Images Courtesy of Wheels Up
And for Wheels Up, the experience doesn’t end on the tarmac. After landing the team was whisked away to their next Wheels Up adventure a few minutes from the airport. Just across from Augusta National, the Wheels Up Clubhouse serves as an off-course hub for media, talent, and programming throughout the week.
There’s an obvious irony here. The Masters is built on tradition—a restraint that comes with doing things the same way they’ve always been done. Pulling up via private jet doesn’t exactly fit that script.
But Augusta has always had layers. The version everyone sees, and then the quieter edges around it. This just happens to live in that second category.
And yet, everyone walks through the same gates. That’s kind of the beauty of it. Augusta doesn’t care how you got there. It just meets you where you are.
Still, how you arrive changes something.
The road trip crew shows up buzzing. The airport grinders show up battle-tested. And the private jet group shows up a little ahead of the moment instead of chasing it. And that’s really the difference.
Instead of landing scattered, they landed paying attention.

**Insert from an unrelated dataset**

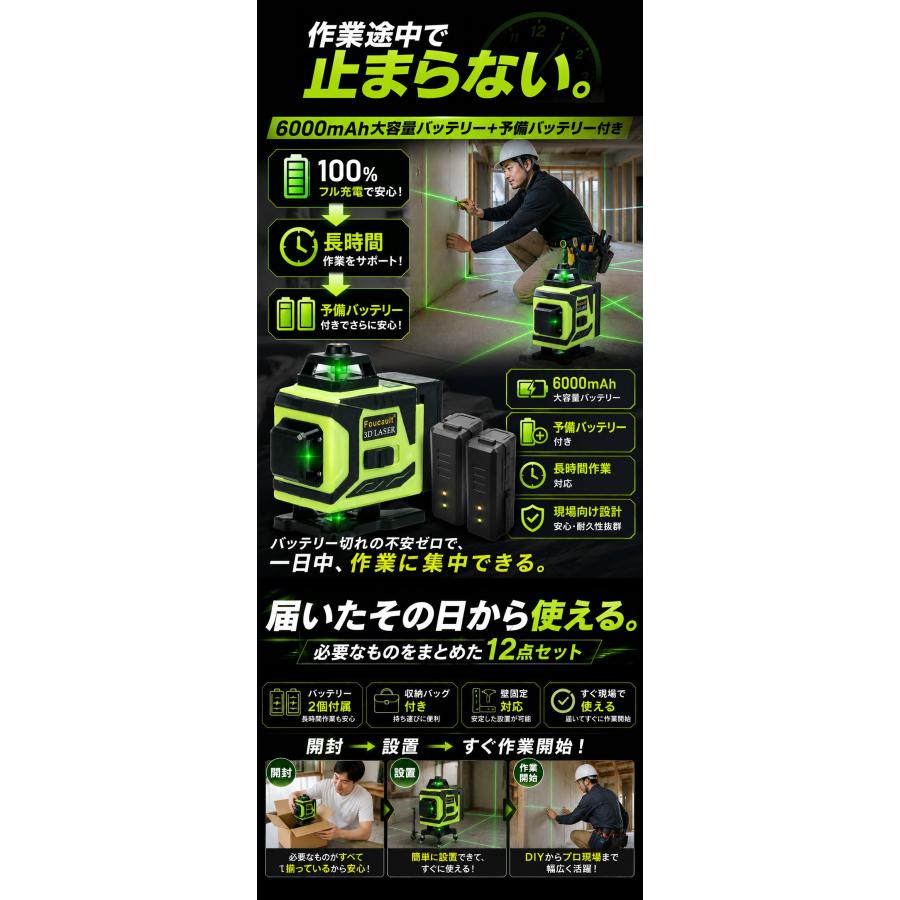 レーザー墨出し器 ＼バッテリー2個付きの12点セット／ あすつくで最短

And what’s left is kind of the whole point of the Masters anyway—showing up present enough to actually take it in.
"What I loved most about the entire experience was the space to actually relax," Bartley said. "Being able to lounge, have real conversations, and just enjoy the moment without interruptions. It set a new standard for how travel should feel.
To be clear, no one’s saying one way is better. (Okay, maybe one is slightly better.)
But they’re different. And at a place where everything is so controlled, so consistent, the variation in how people arrive might be one of the only things that isn’t.
All roads lead to Augusta. Some just come with 30,000 feet of quiet before the noise kicks in.